Jeanne Moreau, French actress, singer, screenwriter, and director, died yesterday, July 31, in Paris at 89. She leaves behind a legacy of revolutionary independence, rebellion, and sexuality. In the 1960s, Moreau became the face of the French New Wave movement, which was characterized by the rejection of traditional filmmaking and a breakaway from conservative religious and political views, and she perfectly pioneered the transition to a new type of actress the critic Ginette Vicindeau described as “beautiful, but in a kind of natural way; sexy, but intellectual at the same time, a kind of cerebral sexuality.” Moreau’s intelligently spirited approach infused her movies with a fresh brand of femininity. 

Born in Paris on January 23, 1928 to a British-born dancer at the Folies Bergère and the owner of a Montmartre hotel and restaurant, Moreau was set on becoming an actress by the time she was 15 after seeing her first play, Antigone. According to the New York Times, when she told her dream to her father, he slapped her, criticizing this ambition as foolish. But, similar to Christina Aguilera’s attitude in “Fighter,” Moreau used his opposition as motivation. “It forces you toward excellence,” she told a reporter for the French newspaper Le Figaro in 2001. “All my life I wanted to prove to my father that I was right.”

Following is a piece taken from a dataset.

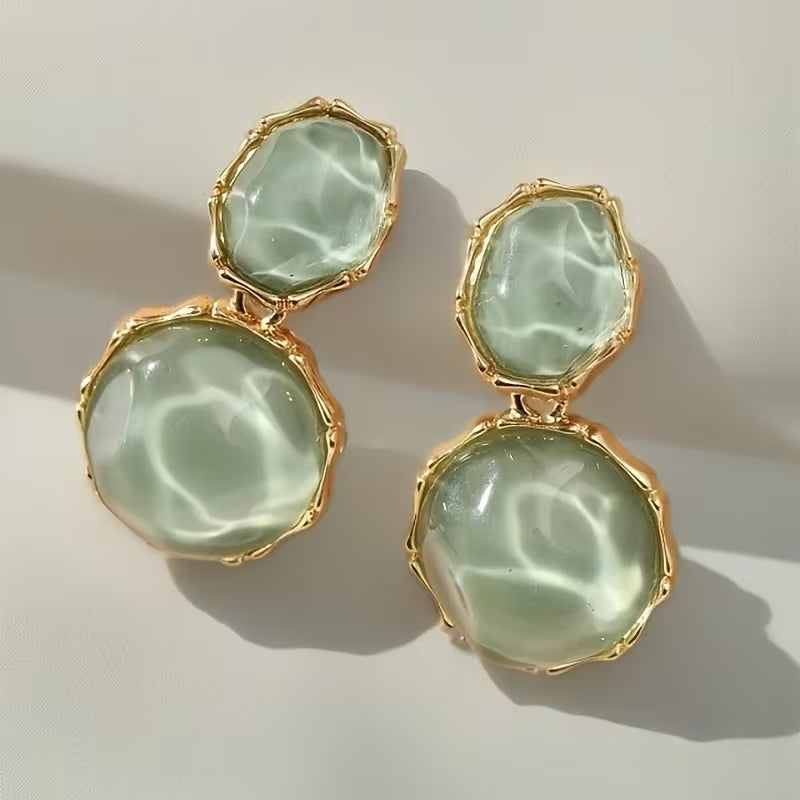 A Pair of Bohemian Geometric Oval Resin Drop Earrings, Exuding Vintage Elegance, Perfect for Women'S Daily Casual Wear And Party Occasions, a Creative Gift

And prove herself, she did. She achieved prominence as the star of Elevator to the Gallows (1958), directed by Louis Malle, and Jules et Jim (1962), directed by François Truffaut. Of Elevator to the Gallows, journalist Barry Farrell wrote, “Malle put Moreau under an honest light and wisely let his camera linger. It proposed a new ideal of cinematic realism, a new way to look at a woman. All the drama in the story was in Moreau’s face – the face that had been hidden behind cosmetics and flattering lights in all her earlier films.” She departed from the common portrayal of women of the time as empty-headed and lacking in independence, instead encompassing the fierce spirit of the emerging feminist movement. Moreau continued to stand out for her natural sensuality, wit, and defiance, both onscreen and offscreen. She went on to win a Cannes Best Actress Award, a BAFTA for Best Foreign Actress, a Best Actress César (France’s equivalent of an Oscar), and was the first women inducted into French scholarly society Académie des Beaux-Arts.

Emmanuel Macron, the French president, said in a statement on Monday: “We could say about Jeanne Moreau that a part of cinema legend is gone. But her whole work was precisely about never freezing her art into a mythology, and never locking herself into the respectable status of the ‘great actress.’ She had in her eye a sparkle that deflected deference and inspired insolence, freedom, the turbulence of life that she liked so much and that she will long make us like.”